Rudi’s View: MNF, REA Group & Afterpay Touch

Always an independent thinker, Rudi has not shied away from making big out-of-consensus predictions that proved accurate later on. When Rio Tinto shares surged above $120 he wrote investors should sell. In mid-2008 he warned investors not to hold on to equities in oil producers. In August 2008 he predicted the largest sell-off in commodities stocks was about to follow. In 2009 he suggested Australian banks were an excellent buy. Between 2011 and 2015 Rudi consistently maintained investors were better off avoiding exposure to commodities and to commodities stocks. Post GFC, he dedicated his research to finding All-Weather Performers. See also "All-Weather Performers" on this website, as well as the Special Reports section.

Rudi's View | Sep 27 2019

In this week's Weekly Insights (this is Part Two):

-Market Rotations Are Not The Key Message
-No Weekly Insights For Next Two Weeks
-Conviction Calls
-Is Everybody Into iSignthis?
-Rudi On Tour

[non-highlighted items are in Part One, published on the website on Thursday]

Conviction Calls

By Rudi Filapek-Vandyck, Editor

Morningstar has lined up the biggest casualties from the August reporting season in Australia. The underlying attempt is to identify which stocks have undershot too far to the downside, and thus represent excellent value for investors prepared to sit out the remainder of the bad news cycle, as well as those stocks that have overshot to the upside, and look poised for a serious correction to the downside.
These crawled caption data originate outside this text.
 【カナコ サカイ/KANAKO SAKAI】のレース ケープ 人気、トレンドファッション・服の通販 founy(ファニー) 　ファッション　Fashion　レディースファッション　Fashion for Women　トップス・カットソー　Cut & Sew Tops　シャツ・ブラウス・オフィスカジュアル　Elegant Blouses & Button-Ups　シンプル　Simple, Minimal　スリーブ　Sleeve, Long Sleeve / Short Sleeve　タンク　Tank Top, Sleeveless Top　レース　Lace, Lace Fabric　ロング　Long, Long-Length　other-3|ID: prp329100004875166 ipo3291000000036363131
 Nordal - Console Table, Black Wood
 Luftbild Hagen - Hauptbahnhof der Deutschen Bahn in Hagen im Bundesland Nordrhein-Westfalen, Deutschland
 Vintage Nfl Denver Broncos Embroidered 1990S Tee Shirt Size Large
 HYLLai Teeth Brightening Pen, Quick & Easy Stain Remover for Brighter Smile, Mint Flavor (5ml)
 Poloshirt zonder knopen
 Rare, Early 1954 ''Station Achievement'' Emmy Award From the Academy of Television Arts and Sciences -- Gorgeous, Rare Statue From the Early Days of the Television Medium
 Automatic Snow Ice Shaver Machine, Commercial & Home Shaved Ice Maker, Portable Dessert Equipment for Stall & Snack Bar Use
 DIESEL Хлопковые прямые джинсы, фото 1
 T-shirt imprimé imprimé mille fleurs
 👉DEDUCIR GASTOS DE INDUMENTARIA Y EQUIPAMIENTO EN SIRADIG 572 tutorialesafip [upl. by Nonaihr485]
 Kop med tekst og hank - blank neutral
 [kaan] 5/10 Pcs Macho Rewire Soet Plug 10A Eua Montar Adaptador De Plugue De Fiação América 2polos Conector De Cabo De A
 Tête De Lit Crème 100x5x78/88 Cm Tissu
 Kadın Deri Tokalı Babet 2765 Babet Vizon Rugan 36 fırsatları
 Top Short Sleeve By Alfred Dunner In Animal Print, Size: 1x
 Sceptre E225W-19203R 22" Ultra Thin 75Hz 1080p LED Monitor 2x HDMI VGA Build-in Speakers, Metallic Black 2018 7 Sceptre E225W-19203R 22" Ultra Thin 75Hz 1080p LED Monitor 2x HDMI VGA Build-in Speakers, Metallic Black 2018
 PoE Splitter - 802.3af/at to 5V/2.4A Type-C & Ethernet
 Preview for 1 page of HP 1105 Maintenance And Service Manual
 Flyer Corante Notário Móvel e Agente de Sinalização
On Morningstar's assessment, the ten stocks that look too cheaply priced post reporting season are CYBG ((CYB)), Iluka Resources ((ILU)), Adelaide Brighton ((ABC)), oOh!media ((OML)), Pact Group ((PGH)), Cimic Group (CIM)), Boral ((BLD)), InvoCare ((IVC)) and Viva Energy Group ((VEA)).

Those outperformers that might be poised to turn into post-season casualties are Afterpay Touch ((APT)), Independence Group ((IGO)), Vocus Group ((VOC)), JB Hi-Fi ((JBH)), WiseTech Global ((WTC)), Downer EDI ((DOW)), Qantas Airways ((QAN)), ALS ltd* ((ALQ)), Credit Corp Group ((CCP)), Orica ((ORI)), Treasury Wine Estates ((TWE)), Spark New Zealand ((SPK)) and Flight Centre ((FLT)).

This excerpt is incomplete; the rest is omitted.